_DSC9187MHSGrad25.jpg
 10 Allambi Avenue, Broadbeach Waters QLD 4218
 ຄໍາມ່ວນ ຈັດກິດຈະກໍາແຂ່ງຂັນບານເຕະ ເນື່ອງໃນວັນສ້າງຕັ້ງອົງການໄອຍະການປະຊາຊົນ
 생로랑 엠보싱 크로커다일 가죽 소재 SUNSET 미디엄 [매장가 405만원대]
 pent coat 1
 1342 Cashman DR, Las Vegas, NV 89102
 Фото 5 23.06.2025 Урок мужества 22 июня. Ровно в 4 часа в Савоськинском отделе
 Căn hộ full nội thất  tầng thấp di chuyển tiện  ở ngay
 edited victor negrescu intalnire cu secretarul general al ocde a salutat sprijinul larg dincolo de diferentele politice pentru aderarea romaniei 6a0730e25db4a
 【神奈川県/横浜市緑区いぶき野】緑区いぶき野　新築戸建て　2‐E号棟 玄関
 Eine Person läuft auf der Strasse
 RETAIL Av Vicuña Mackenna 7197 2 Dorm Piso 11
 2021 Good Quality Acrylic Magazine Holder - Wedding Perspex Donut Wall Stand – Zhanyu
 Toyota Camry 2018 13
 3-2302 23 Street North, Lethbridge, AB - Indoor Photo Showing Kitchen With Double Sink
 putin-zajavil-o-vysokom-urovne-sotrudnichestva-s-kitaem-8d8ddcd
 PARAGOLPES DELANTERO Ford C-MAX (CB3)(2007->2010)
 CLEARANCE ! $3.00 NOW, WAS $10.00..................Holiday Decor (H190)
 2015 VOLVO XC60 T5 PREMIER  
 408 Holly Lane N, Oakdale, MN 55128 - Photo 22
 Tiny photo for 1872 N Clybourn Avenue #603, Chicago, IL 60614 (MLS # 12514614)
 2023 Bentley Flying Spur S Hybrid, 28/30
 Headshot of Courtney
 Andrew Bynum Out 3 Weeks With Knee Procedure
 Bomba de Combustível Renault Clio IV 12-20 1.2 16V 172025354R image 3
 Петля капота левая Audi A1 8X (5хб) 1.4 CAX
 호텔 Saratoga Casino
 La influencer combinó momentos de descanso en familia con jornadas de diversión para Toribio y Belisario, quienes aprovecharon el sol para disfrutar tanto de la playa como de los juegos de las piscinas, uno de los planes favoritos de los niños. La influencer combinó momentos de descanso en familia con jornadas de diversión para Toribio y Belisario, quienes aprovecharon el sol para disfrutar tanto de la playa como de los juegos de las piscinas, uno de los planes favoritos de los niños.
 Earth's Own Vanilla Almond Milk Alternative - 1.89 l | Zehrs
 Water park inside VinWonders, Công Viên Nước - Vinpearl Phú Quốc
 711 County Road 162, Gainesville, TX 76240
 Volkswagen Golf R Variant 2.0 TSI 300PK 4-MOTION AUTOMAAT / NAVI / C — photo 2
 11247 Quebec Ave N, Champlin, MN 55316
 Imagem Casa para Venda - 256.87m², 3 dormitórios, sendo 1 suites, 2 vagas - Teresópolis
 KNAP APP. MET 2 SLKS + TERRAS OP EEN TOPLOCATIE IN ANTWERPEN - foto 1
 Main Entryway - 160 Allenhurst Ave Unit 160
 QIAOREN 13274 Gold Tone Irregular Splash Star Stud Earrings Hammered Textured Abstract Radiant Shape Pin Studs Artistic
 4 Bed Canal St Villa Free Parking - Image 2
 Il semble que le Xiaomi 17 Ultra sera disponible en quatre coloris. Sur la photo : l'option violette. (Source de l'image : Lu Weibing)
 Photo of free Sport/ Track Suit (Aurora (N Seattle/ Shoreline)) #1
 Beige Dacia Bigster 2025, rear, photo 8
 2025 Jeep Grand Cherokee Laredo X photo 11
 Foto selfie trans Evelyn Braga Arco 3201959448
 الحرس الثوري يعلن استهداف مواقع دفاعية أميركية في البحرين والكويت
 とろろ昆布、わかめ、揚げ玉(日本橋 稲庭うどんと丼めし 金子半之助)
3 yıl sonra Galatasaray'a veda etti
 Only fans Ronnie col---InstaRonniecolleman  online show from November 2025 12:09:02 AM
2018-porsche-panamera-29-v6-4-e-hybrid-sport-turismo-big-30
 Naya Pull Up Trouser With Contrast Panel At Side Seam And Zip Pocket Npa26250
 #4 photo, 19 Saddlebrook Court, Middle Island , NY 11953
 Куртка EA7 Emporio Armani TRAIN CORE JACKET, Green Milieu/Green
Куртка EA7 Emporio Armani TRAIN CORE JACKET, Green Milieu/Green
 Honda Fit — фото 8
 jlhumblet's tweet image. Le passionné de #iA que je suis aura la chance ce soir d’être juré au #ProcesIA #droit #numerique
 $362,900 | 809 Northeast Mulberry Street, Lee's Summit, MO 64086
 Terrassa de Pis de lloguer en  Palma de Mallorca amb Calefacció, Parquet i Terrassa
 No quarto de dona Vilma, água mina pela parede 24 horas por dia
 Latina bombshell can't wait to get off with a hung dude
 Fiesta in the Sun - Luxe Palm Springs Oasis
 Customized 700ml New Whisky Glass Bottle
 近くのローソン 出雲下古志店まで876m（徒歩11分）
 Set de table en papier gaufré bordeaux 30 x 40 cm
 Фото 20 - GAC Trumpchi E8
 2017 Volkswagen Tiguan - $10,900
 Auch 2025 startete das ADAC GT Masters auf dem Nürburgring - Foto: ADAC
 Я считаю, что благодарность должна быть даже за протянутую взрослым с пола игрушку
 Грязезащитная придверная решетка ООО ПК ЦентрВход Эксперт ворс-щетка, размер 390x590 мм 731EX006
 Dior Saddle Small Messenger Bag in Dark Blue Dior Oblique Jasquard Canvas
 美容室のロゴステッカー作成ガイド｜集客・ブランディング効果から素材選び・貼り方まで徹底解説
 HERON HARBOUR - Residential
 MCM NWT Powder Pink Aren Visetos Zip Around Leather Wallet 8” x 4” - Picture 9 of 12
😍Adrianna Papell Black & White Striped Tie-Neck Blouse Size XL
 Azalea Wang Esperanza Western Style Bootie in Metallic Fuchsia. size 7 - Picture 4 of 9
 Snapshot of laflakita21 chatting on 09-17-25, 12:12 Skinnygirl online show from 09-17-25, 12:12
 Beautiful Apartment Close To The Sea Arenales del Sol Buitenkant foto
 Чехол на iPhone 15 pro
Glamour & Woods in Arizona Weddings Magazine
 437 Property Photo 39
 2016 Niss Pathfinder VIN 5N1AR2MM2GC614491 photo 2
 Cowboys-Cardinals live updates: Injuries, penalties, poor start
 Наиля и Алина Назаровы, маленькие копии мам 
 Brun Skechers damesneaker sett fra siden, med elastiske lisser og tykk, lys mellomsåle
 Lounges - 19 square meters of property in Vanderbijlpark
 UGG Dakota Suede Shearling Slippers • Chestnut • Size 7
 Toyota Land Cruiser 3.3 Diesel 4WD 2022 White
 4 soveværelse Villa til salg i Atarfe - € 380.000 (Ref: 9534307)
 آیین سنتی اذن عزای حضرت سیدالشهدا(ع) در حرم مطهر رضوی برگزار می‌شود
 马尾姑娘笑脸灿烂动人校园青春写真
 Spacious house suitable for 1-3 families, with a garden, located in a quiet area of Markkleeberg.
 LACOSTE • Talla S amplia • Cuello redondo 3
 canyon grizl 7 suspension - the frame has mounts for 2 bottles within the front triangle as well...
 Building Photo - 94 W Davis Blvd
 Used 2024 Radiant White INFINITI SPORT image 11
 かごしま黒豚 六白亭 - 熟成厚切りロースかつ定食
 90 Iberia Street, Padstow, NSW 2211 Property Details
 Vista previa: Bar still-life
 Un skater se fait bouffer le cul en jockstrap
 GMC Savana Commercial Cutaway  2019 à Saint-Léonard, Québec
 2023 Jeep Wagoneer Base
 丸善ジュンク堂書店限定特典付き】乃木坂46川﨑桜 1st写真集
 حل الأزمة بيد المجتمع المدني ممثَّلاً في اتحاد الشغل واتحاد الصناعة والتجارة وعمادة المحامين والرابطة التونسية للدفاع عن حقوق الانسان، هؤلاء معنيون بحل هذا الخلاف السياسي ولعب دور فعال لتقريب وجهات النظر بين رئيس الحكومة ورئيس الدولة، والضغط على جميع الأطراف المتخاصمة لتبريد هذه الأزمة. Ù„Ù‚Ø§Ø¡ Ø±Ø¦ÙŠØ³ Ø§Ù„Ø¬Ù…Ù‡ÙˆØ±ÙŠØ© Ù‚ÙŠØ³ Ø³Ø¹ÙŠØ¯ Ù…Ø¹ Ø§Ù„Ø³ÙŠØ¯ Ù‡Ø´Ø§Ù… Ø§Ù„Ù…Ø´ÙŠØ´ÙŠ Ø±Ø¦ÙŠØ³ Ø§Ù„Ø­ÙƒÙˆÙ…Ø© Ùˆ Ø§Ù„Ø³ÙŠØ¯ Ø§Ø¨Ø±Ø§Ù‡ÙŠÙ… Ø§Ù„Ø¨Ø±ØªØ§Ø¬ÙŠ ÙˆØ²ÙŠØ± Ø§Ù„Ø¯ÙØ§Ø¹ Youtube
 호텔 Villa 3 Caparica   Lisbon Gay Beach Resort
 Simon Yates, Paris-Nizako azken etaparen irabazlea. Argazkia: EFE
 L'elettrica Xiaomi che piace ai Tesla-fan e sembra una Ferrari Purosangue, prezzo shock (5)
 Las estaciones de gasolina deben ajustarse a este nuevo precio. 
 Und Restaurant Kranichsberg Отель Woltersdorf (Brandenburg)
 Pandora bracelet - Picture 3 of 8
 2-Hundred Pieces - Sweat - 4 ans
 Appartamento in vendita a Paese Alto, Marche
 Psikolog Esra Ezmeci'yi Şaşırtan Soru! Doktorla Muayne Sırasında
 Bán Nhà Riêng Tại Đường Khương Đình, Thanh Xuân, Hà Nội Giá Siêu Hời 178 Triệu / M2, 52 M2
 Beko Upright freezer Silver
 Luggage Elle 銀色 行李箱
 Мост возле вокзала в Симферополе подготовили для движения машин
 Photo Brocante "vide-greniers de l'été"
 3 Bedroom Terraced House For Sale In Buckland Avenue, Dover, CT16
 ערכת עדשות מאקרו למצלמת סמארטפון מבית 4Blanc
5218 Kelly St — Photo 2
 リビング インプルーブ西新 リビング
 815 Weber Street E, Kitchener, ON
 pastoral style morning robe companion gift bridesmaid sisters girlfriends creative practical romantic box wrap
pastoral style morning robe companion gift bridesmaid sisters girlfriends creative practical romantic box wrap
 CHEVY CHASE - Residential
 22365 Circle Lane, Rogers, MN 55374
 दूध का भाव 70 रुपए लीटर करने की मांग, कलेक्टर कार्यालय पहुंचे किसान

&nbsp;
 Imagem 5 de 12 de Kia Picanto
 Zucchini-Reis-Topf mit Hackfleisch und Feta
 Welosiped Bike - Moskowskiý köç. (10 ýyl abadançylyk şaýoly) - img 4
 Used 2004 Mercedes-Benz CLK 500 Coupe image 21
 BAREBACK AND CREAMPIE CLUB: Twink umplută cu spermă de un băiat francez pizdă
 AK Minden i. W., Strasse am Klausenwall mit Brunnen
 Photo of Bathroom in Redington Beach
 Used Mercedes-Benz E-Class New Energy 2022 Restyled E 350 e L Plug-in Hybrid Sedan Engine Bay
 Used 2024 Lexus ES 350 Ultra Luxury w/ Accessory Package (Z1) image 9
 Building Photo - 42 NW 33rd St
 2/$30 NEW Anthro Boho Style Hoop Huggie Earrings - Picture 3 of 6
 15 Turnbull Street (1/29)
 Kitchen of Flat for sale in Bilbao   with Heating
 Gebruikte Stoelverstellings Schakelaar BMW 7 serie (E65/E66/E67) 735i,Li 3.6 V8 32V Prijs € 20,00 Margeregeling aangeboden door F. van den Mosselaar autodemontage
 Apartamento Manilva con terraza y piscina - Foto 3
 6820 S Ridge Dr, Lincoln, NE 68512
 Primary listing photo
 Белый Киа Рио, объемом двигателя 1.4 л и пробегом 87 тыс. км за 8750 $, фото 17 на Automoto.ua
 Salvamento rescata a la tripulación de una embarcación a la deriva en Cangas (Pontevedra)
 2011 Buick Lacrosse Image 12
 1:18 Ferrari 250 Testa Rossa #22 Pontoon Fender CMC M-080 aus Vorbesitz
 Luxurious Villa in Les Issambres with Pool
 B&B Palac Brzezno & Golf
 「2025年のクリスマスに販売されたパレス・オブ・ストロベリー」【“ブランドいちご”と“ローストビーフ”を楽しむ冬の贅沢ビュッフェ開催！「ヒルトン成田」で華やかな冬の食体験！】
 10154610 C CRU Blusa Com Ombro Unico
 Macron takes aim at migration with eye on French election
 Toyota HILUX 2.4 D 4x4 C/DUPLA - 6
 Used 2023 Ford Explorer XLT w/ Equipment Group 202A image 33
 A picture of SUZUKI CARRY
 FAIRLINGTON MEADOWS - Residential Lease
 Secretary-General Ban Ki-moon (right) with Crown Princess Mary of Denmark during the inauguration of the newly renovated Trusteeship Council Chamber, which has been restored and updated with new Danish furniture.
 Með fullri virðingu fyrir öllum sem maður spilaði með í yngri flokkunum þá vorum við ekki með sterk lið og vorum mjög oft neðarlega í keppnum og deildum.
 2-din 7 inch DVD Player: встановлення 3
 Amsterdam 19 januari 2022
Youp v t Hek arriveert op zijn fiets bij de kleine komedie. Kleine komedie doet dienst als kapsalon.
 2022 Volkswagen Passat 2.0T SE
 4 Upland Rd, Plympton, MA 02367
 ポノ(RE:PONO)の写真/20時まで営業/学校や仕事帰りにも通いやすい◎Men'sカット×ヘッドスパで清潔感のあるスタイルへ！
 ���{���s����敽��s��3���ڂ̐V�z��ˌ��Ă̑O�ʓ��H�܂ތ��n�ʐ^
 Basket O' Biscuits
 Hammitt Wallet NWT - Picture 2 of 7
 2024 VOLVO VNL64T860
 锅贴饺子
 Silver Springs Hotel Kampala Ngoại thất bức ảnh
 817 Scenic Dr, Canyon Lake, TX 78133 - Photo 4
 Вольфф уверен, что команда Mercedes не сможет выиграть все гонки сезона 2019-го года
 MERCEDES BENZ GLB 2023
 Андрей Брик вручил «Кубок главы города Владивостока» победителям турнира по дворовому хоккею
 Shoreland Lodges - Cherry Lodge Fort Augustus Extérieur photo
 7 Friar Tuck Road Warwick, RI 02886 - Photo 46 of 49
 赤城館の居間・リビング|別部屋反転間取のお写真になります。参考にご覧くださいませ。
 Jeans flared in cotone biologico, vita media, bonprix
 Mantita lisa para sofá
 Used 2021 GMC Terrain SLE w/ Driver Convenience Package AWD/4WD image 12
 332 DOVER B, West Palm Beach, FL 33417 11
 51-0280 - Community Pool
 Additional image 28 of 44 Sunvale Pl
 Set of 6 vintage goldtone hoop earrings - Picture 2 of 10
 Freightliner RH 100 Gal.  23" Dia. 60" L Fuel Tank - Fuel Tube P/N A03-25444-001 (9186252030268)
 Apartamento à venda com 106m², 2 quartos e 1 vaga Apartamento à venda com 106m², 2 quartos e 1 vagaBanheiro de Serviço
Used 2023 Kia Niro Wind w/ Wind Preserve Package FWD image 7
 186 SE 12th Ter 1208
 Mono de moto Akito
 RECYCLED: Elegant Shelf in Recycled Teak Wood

——

→ Exercise description
Search the material for the word "Apartamento". Each line where it is found must be copied.

→ Completed exercise
 Apartamento Manilva con terraza y piscina - Foto 3
 Apartamento à venda com 106m², 2 quartos e 1 vaga Apartamento à venda com 106m², 2 quartos e 1 vagaBanheiro de Serviço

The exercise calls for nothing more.